Assembly produced 632,401 contigs (min = 224 bp, max = 17,453 bp) with a mean length of 396.6 bp (±0.27 bp 95% CI) for a total of 250,802,355 bp. Fully 9,194 contigs were over one Kb in length. After identifying UCE loci and removing potential paralogs, we recovered 4,018 UCE loci. After filtering UCE loci for quality, calling SNPs, phasing (reconstructing haplotypes), and applying additional quality filters, we identified 2,635 loci that contained data for all individuals and were variable. This complete matrix of variable loci included a total of 9,449 SNPs (averaging 3.6 sites per locus). Per-site sequencing depth for these SNPs averaged 26.3 reads (±16.9 SD). An additional 587 loci exhibited variation but the data were not of sufficient quality (i.e., GQ < 10) among all individuals to confidently call both alleles. There were 796 high-quality invariant loci (loci with invariant data, rather than an absence of data), providing a full dataset of 3,431 loci with mean length of 1153.6 bp (±4.95 bp 95% CI). The shortest locus was 228 bp, the longest 2,543 bp, and 2,482 loci were longer than one Kb (Fig. S2). The total length of these loci was 3,957,876 bp. The distribution of SNP variation among loci confidently called for all individuals is given in Fig. 2. Nucleotide diversity (π) was 0.000519 overall, 0.000523 for snow buntings, and 0.000493 for McKay’s buntings.

Distribution of single nucleotide polymorphisms (SNPs) per locus.

Figure 2: Distribution of single nucleotide polymorphisms (SNPs) per locus.

Distribution of single nucleotide polymorphisms (SNPs) per locus among 3,431 confidently called loci.

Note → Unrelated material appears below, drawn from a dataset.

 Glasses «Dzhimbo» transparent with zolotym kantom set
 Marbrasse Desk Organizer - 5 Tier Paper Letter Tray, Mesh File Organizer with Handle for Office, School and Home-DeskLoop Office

No alleles showed fixed differences (FST = 1.0) between the two populations, and few alleles showed strong segregation. No variable sites had an FST value above 0.9, and there were only three each at 0.86 and 0.72 (Fig. S3; two of these sites were on the same locus). One of the five loci with the highest FST values was Z-linked; all of the others were on different chromosomes (figshare https://doi.org/10.6084/m9.figshare.6453125.v1). There were 128 Z-linked loci among the 2,635 variable loci. As noted, only one showed high FST between the two species. The two populations had an overall FST = 0.034, which was significant (P = 0.03). The average distance between taxa (dxy) was 5.3 × 10−4, and the net average distance (dA) was 2.0 × 10−5. DAPC in adegenet assigned all individuals to their correct taxon of origin (retaining the first four PCs), with 100% probabilities for each, indicating a high level of genomic diagnosability (Fig. S4).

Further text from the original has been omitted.